Angela Daigle’s 60m triumph was the highlight of the third and final day of the USA Track & Field Indoor Championships in a meet which was dominated by first-time winners at Roxbury Community College’s Reggie Lewis Center on Sunday (27 Feb.).

50,000USD bonus is shared by Daigle and Godina

Daigle won the women’s dash in 7.09 seconds to equal the fastest time in the world this season and capture a $25,000 bonus for the single best performance on the 2005 U.S. indoor circuit based on the IAAF scoring tables. Daigle, 28, netted 1203 points in the final women’s event to overtake Erin Gilreath’s winning mark of 24.46m (1199 points) in the Weight Throw on Friday (25 Feb), the first day of the three-day meeting.

Only minutes earlier Gilreath’s points lead had been attacked by Danielle Carrruthers in the women’s 60m Hurdles. Needing a time of 7.94 to take the series lead she had another superb run to cap her season but fell short by a hundredth of a second.

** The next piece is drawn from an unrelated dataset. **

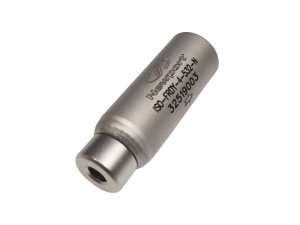 Compact Faraday Optical Isolators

Carruthers had led the four-meet series since the opening competition with a victory in the Reebok Boston Indoor Games (29 Jan), and had improved to 1191 points with her win in Tyson Invitational (11 Feb).

The $25,000 men’s best performance bonus went to John Godina who won Saturday’s men’s Shot Put final with 1230 points thanks to a world season’s leading mark of 21.83m.

Click here to go to the report of Saturday’s competition (26 Feb)
  
 
Women’s 60m - Breakthrough for Daigle
 
Daigle had only one professional career victory to her credit before Sunday when she won the 60m in the Millrose Games on 4 February, and with a career best of 7.21, Daigle’s prospects of running 7.10 to win the series title didn’t seem exactly great. Nursing a strained hamstring suffered at Millrose and running out of the eighth lane, her chances looked even more remote.

Yet Daigle powered out of the blocks with a .124 reaction time and held off a late charge by 2004 Olympic 200m finalist Muna Lee by two hundredths. Me’Lisa Barber was third in 7.18.

“I was not thinking about the bonus, all I was thinking that I had to get across the line,” Daigle said. “When I got here, I told myself either you are going to run or you are going to worry about your hamstring. I thought my chances were really good. I knew what I could do. It was just a matter of getting it together at the right time. That has been the crutch that kept me down for so long but I  think that I am getting there.”

Daigle’s coach Ernie Gregoire called the outside lane draw an advantage. He believed that Daigle was capable of running under 7.20 but was hesitant to place any limitations if she executed her race plan.

“Nothing could have been better today for us than for her to be in lane eight,” said Gregoire. “She had to execute. Our motto is that if you execute properly, the performance will take care of itself.  She drove out and went right into her frequency when she got out of the drive phase. It was beautiful.’’
 
Long-term coaching relationship with Gregoire
 
Daigle has been training with Gregoire and the Southern California Cheetahs programme at Mt. San Antonio College in Walnut, California since completing her collegiate eligibility at Fresno State in 1999. A San Francisco native, she solicited Gregoire’s coaching services when they met at the World University Games. Gregoire, however, tried to dissuade Daigle and encouraged her to find a coach in Northern California instead of relocating to Los Angeles.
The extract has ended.